The deadline for the Foreign Bank and Financial Account Report (FBAR) is fast approaching. The FBAR, referred to in some financial circles as the “F” word, is the form required by the Internal Revenue Service (IRS) to claim certain foreign accounts. The form is due by June 15, 2016, for expatriates and June 30 for taxpayers.
Those who fail to file can face harsh consequences, including steep fines and potential imprisonment.
How do I know if I need to file an FBAR?
An FBAR is required for citizens of the U.S. and resident aliens to report any foreign income when such income exceeds $10,000 at anytime during the filing year. This includes income from trusts, bank accounts and securities as well as signature authority over such accounts.

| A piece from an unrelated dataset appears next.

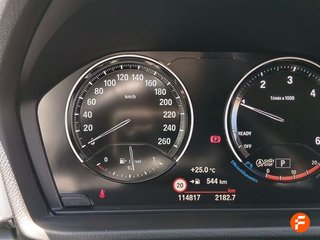 BMW X2 sDrive16d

If you need to file, you are not alone. Over one million taxpayers filed an FBAR during 2015.
How do I file?
U.S. citizens and resident aliens can access and file the FBAR online. Expatriates, or taxpayers that relinquished citizenship to the U.S., are still required to file for 2015 if the relinquishment occurred in 2015. This generally requires use of a dual-status alien return, including a Form 8854 – the Initial and Annual Expatriation Statement.
What do I do if I forgot to file or the IRS contacts me?
Those who failed to file in the past or who have received requests from the Internal Revenue Service (IRS) are wise to seek legal representation. It is also important to note that the FBAR is only one possible reporting requirement. Additional forms may also be required.